BEGIN Source information
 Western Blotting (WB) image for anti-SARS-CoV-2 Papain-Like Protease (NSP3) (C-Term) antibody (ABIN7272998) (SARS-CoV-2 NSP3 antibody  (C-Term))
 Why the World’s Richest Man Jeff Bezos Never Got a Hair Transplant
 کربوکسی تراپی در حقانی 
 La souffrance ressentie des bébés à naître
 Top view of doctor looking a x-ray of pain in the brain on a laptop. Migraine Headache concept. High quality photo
END Source information
BEGIN Source information
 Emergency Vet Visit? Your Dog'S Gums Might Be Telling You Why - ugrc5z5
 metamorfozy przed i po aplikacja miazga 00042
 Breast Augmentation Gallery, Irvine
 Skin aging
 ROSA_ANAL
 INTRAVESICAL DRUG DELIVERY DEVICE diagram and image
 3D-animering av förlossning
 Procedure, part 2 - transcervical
END Source information
**Exercise goal:** Using the data above, extract exactly the lines from the one that holds "Western Blotting (WB)" to the one that holds "Top view of", both ends included, and no others.

**Completed exercise:**
 Western Blotting (WB) image for anti-SARS-CoV-2 Papain-Like Protease (NSP3) (C-Term) antibody (ABIN7272998) (SARS-CoV-2 NSP3 antibody  (C-Term))
 Why the World’s Richest Man Jeff Bezos Never Got a Hair Transplant
 کربوکسی تراپی در حقانی 
 La souffrance ressentie des bébés à naître
 Top view of doctor looking a x-ray of pain in the brain on a laptop. Migraine Headache concept. High quality photo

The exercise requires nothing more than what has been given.